We can think of at least 2 things wrong with the title of Dirty Weekend
Don’t get too excited: Not only is there nothing especially dirty about Dirty Weekend, the latest and lamest film by erstwhile provocateur Neil LaBute, but the movie doesn’t even occupy an entire weekend. Instead, this surprisingly earnest two-hander depicts a single day in the lives of two office drones, Les (Matthew Broderick) and Natalie (Alice Eve), who wind up stuck in Albuquerque when their flight from Los Angeles to Dallas gets grounded by bad weather. It’s made clear early on that Natalie is gay, so there’s no chance of an affair with married Les, who spends a lot of time reassuring his wife on the phone. But once it becomes clear that they won’t be reboarding any time soon, Les is suspiciously eager to head into the city, alone, for what he claims is a mundane shopping trip. Natalie insists on accompanying him, and the bulk of the film consists of Les struggling to hide whatever his guilty secret is while Natalie constantly pressures him to come clean. As a gesture of good faith, she even reveals a secret of her own.

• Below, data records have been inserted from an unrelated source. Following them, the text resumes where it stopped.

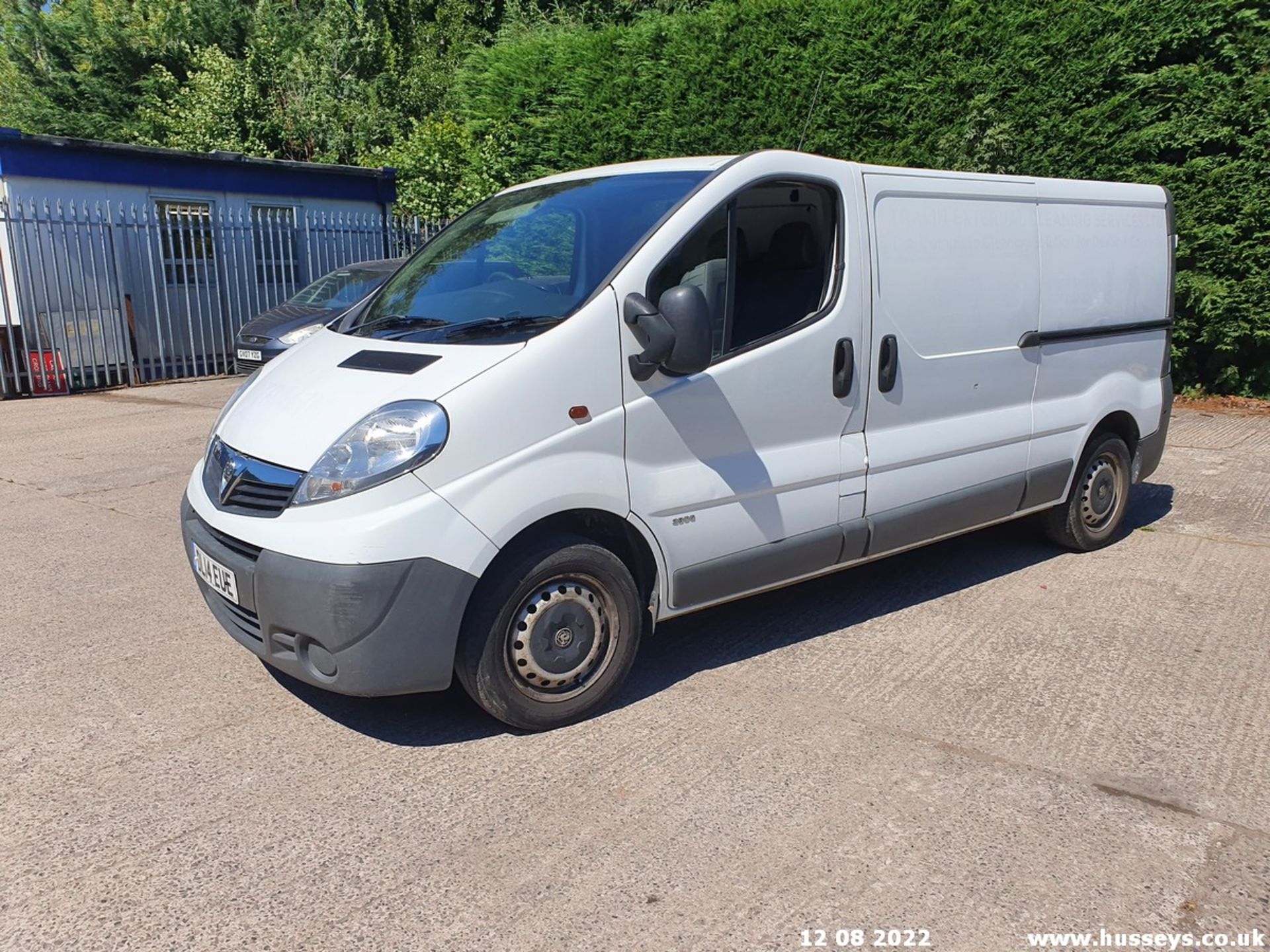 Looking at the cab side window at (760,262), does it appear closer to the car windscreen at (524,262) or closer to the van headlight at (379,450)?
the car windscreen at (524,262)

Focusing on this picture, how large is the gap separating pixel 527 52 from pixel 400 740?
45.1ft

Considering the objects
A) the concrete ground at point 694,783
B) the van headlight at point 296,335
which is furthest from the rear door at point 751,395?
the van headlight at point 296,335

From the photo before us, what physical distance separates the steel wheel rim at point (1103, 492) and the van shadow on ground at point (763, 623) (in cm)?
29

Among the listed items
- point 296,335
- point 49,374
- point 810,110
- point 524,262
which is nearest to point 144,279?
point 49,374

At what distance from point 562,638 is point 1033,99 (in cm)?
948

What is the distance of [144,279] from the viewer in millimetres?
13961

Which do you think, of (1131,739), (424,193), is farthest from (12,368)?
(1131,739)

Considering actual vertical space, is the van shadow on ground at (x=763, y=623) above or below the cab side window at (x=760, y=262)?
below

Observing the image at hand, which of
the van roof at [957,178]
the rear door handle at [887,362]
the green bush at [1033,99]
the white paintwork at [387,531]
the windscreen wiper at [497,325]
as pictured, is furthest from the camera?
the green bush at [1033,99]

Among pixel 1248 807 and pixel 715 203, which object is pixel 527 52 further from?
pixel 1248 807

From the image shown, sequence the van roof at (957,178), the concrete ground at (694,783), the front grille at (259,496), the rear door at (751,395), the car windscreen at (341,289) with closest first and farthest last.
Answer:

A lot depends, then, on what these two characters are concealing. Even some of LaBute’s lesser films, like last year’s Some Velvet Morning (which also starred Eve, opposite Stanley Tucci; maybe one day it’ll be a man who’s not 20 years her senior), benefit from a twist ending that recontextualizes everything that came before. That approach can feel contrived—or even cheap, at its worst—but at least it’s arresting, if only in retrospect. What LaBute’s doing here, by contrast, is exasperatingly coy. Dirty Weekend’s entire first half is just Les nervously hemming and hawing, punctuated by mild needling from Natalie. In the absence of any real drama, or even some amusing verbal fireworks (LaBute’s dialogue is atypically bland), there’s nothing to do but speculate about what perversion Les favors. The big revelation, when it finally arrives, is so innocuous that it was the subject of a hit single way the hell back in 1970. (Hint hint, though Les’ actual situation turns out to be slightly more complicated than that.) Not remotely worth the wait.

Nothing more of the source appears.